Industry observers say the trend will likely continue. Till-Fabian Zalewski, CEO for the German-speaking region at real estate broker Engel & Völkers, expects a further moderate rise of around three to four percent this year and anticipates a similar development into next year. His view echoes the markets shift from the double-digit or mid-single-digit jumps seen in some phases to a more restrained pace.
The Federal Statistical Office reported stronger increases in 2024 as high as 5.9 percent in its figures reflecting how different measures and datasets can show divergent snapshots. Still, the IfW index suggests a cooling momentum in recent months that could be driven by a mix of factors: rising supply in some locations, changes in migration patterns, affordability constraints, and the residual impact of higher mortgage rates on demand for rented housing.

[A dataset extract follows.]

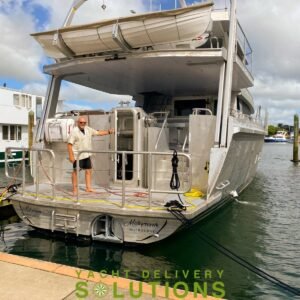 Circa 25 meter power Boat shown from the stern with the delivery Skipper standing on the aft section. the vessel is dark grey and spectacular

For landlords and investors, the slowdown implies a more selective market. While rental growth is far from collapsing, the reduction in pace may alter expectations for yield expansion and influence decisions on new development or refurbishment projects. For tenants, the shift brings some relief after years of steep increases, though affordability challenges remain in Germanys most expensive cities.
Looking ahead, policymakers and market participants will watch incoming data closely. A sustained moderation would ease some social and political pressure around housing costs, but any reversal in economic conditions or renewed tightness in supply could quickly push rents back up. For now, the message is cautious: rents are still rising, but tenants are increasingly saying "no, thanks" to large hikes.